In brief, he said for the umpteenth time that the fed funds rate isn't going up anytime soon and that the Fed is unlikely to be swayed by any scary-looking inflation data that could present itself in coming months.
In brief, what the stock market heard right after the FOMC decisions and press conference was: "Party on!" In brief, what the Treasury market heard was: "No need to worry about a taper."
On Second Thought
What the Treasury market heard initially and what it subsequently thought have turned out to be two different things.

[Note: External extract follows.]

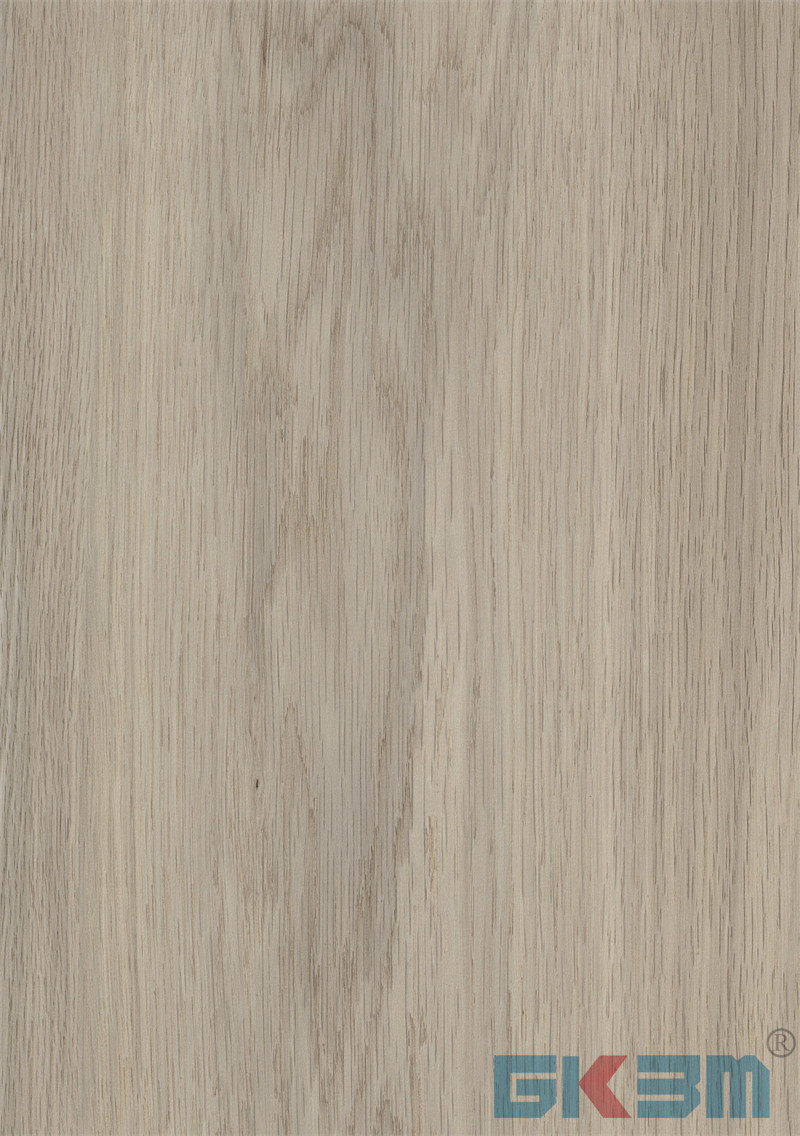 YA-M611L-17A Anti Scratch Luxury Vinyl Flooring Warm Brown Waterproof Fireproof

The subsequent thought was that "the Fed risks playing with inflation fire and we might get burned."
Accordingly, the 10-yr note yield, which moved down to 1.63% (from 1.67%) immediately after the FOMC decision and press conference, subsequently rocketed to 1.75% on some inflation-fear boosters.
That move is setting up to be an interesting test, not only for the Treasury market and the stock market, but for the Fed as well.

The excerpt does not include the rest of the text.